- **Problem details**:
A line below contains "Restaurant/places to eat", and a later one contains "Image 2 of 6". Repeat both, with every line between them, exactly.

- **Exercise input**:
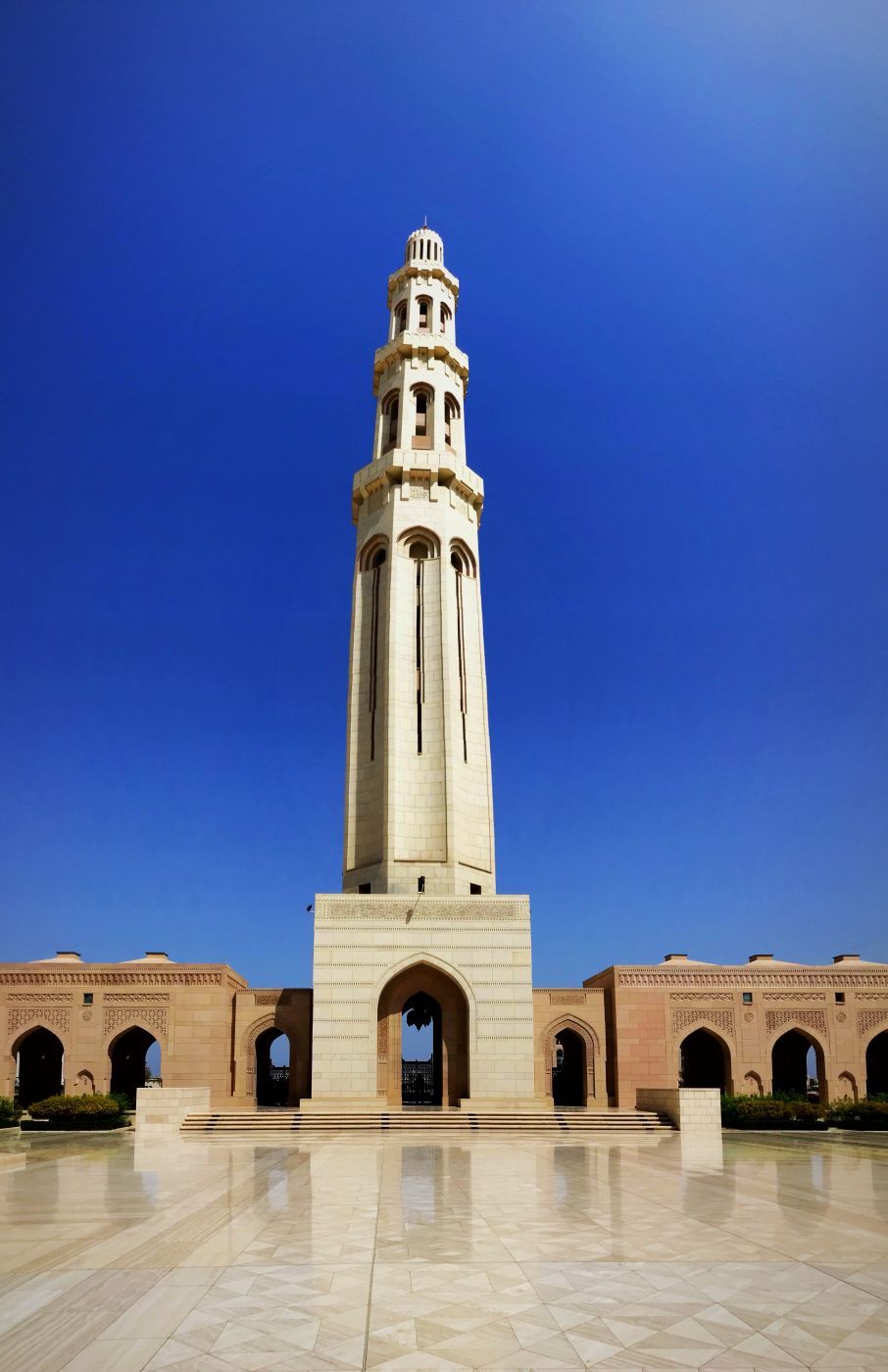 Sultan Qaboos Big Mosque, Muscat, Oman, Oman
---
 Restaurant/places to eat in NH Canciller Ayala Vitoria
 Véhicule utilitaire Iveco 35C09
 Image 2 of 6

- **Exercise response**:
 Restaurant/places to eat in NH Canciller Ayala Vitoria
 Véhicule utilitaire Iveco 35C09
 Image 2 of 6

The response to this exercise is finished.